In Brave New World, the formulation of unified happiness is aided with technology and streamlined. It has been of great effectiveness and convenience for the ruling class. The only problem is that different people have different definitions of so-called happiness, which leads to different people’s views and pursuits on the world. Therefore, happiness in ignorance in the New World is essentially the deprivation of perspectives.

What’s worse, in the indulgence of physical and sensual pleasure, people have no idea that they have become so simplified and deprived. People became no different from fools or babies as they fail to even comprehend the situation they were in when the savage tried to free them: “But do you like being slaves? Do you like being babies? Yes, babies.

Mewling and puking” (Huxley 146). In return, none of the people from the New World could understand what they have been deprived of: the rich emotional experience accompanied with the adult perspective of the world. Instead, all they care about is their own sensual pleasure.

Different from the unifying version of happiness with no regard to individual perspective in the New World, suffering is able to bring people new perspectives about the world and themselves, which will eventually lead to a more stable and durable sense of happiness. “Suffering gives people, a more accurate sense of their own limitations, what they can control and cannot control” (Brooks).

In breaking free from their own ignorance, people realize that true happiness cannot be built solely on their own perspective, or one unifying perspective. Through suffering in meaningful ways, either physical or emotional, they will learn to make peace with suffering and understand their own finiteness in the world. Instead of the maximization of the self and the indulgence in sensual-induced happiness all the time, suffering offers people an entirely different path: the path to selflessness.
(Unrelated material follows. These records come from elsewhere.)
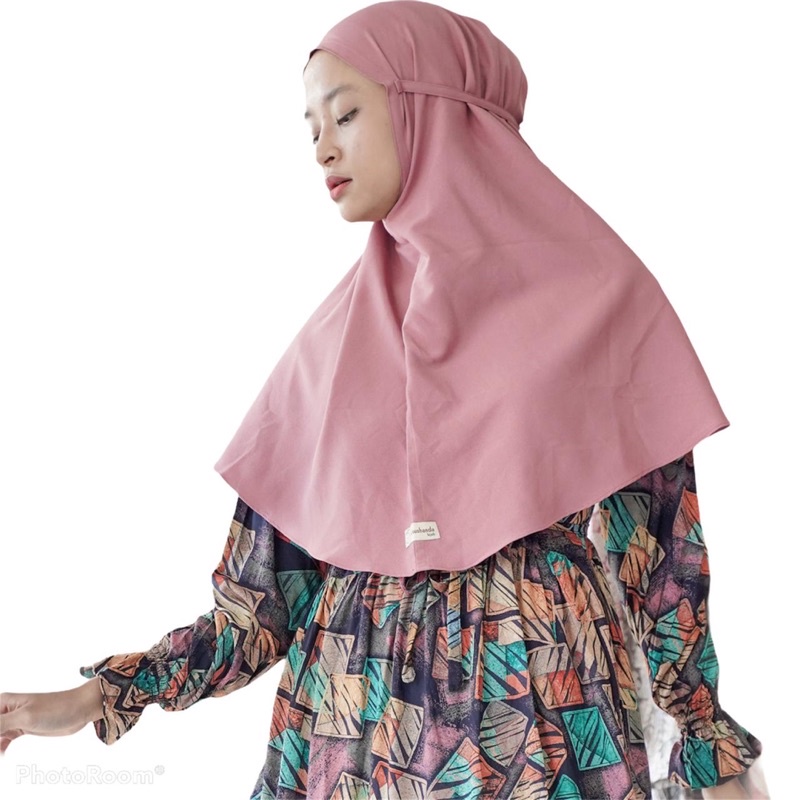 Khimar tali alifah instan / khimar tali / jilbab tali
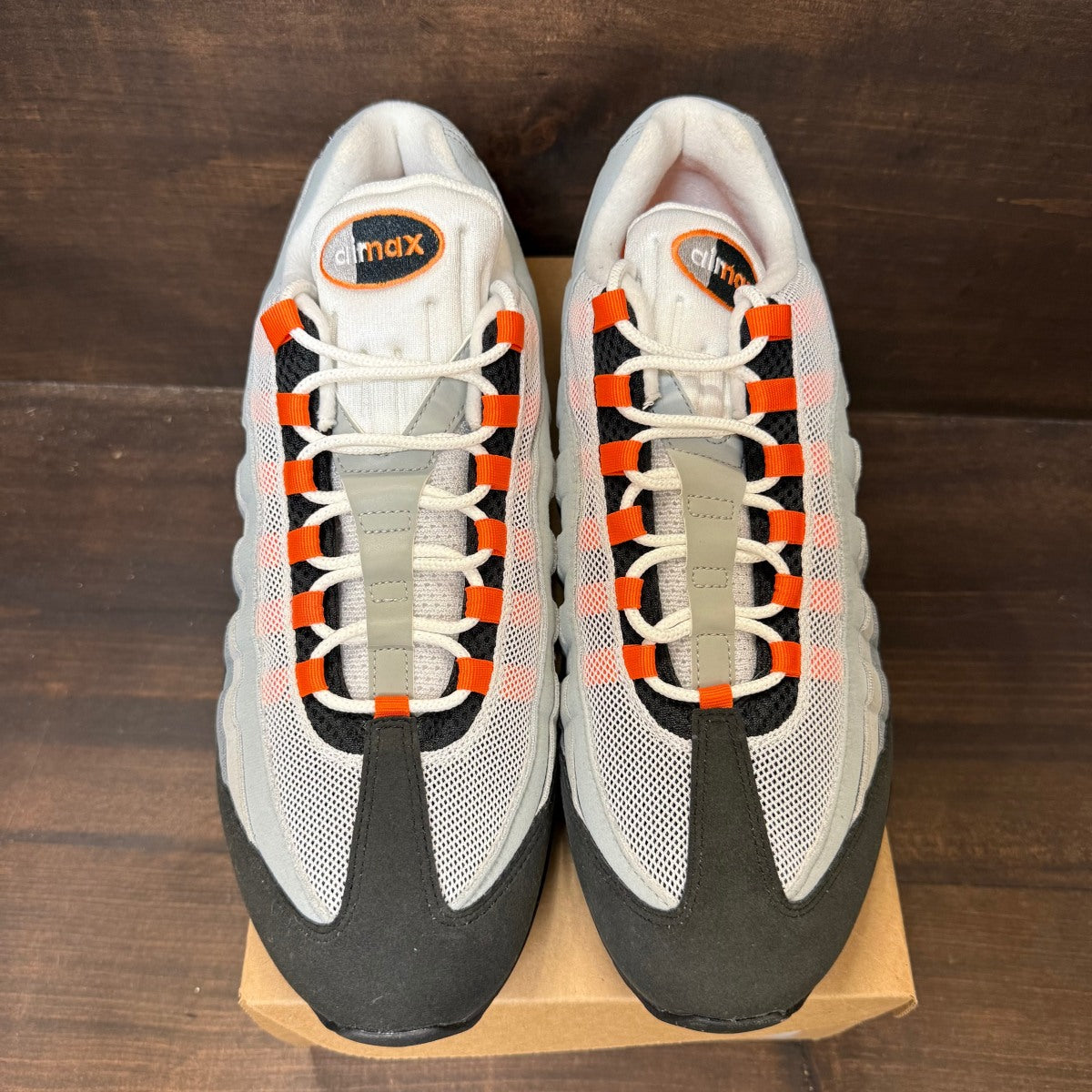 Nike Air Max 95 OG Big Bubble Bright Mandarin (2025) Size 14 (Pre-Owned) - Image 2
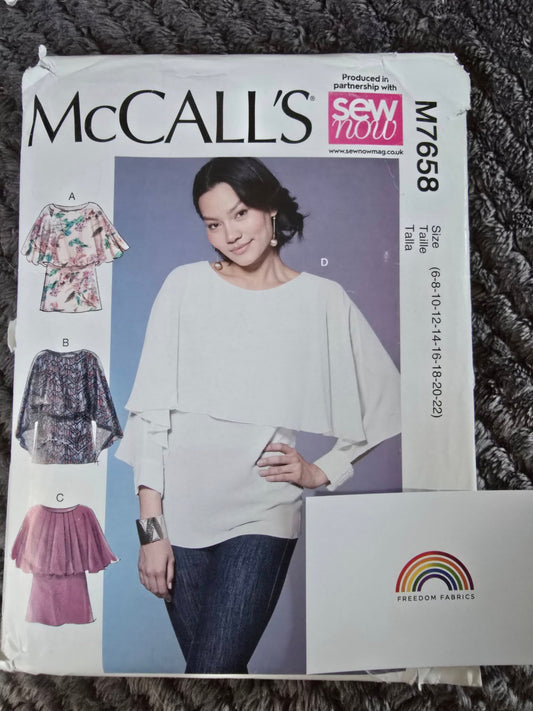 McCalls M7658 Top Size 6-22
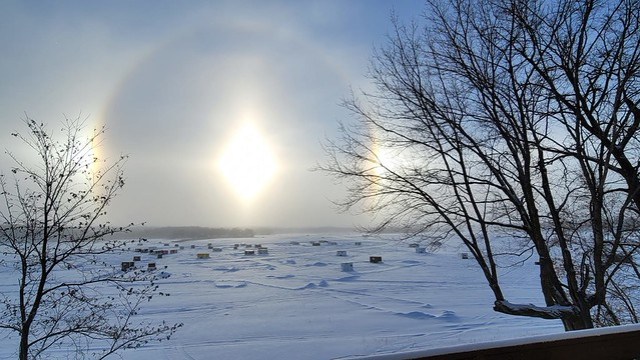 Sundogs from the balcony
“It appears that selflessness, which reflects the self within a broader social, natural, and cosmic context is linked with greater subjective authentic-durable happiness and patience” (Deng 1). Adopting the selfless perspective offers people the opportunity to look beyond their own gains and pains and allows them to have the ability to empathize with others’ pains and gains. Therefore, without focusing too much on the self, suffering helps people to expand their range of happiness from the self alone to loved ones, friends, and even strangers.

In conclusion, the New World creates an everlasting stable society through the deprivation of all essential human experiences but happiness and maintains it with drugs. This seemingly viable path to happiness completely overlooks the fact that suffering is a fundamental human experience and a fundamental ingredient in authentic happiness as well. With the deprivation of suffering, the eternal happiness in the New World is accompanied by eternal emptiness and meaninglessness.

The long-term dependence on drugs also greatly weakens and corrode the spiritual strengths of the people, leading them to have mental breakdowns in the encounter of setbacks. Without suffering, the New World can only manage to create a unifying happiness standard with mass-produced non-humans. Even for these standardized humans, their happiness is not sustainable without life experiences and the profound understanding of pain and suffering. In the end, suffering is equally important to pleasure in the formula of authentic and sustainable happiness, because it brings meaning, strength, and a selfless perspective into people’s lives.

Works Cited

Brooks, David. “What suffering does.” The New York Times. Apr 08, 2014. Accessed from: https://www.nytimes.com/2014/04/08/opinion/brooks-what-suffering-does.html.

Deng, Jianjun, et al. “Optimistically Accepting Suffering Boosts Happiness: Associations between Buddhism Patience, Selflessness, and Subjective Authentic-Durable Happiness.” Journal of Happiness Studies, 2019.

Huxley, Aldous. Brave New World. 1932. London: Vintage, (1998).

Jollimore, Troy. “Meaningless Happiness and Meaningful Suffering.” The Southern Journal of Philosophy, vol. 42, no. 3, 2004, pp. 333-347.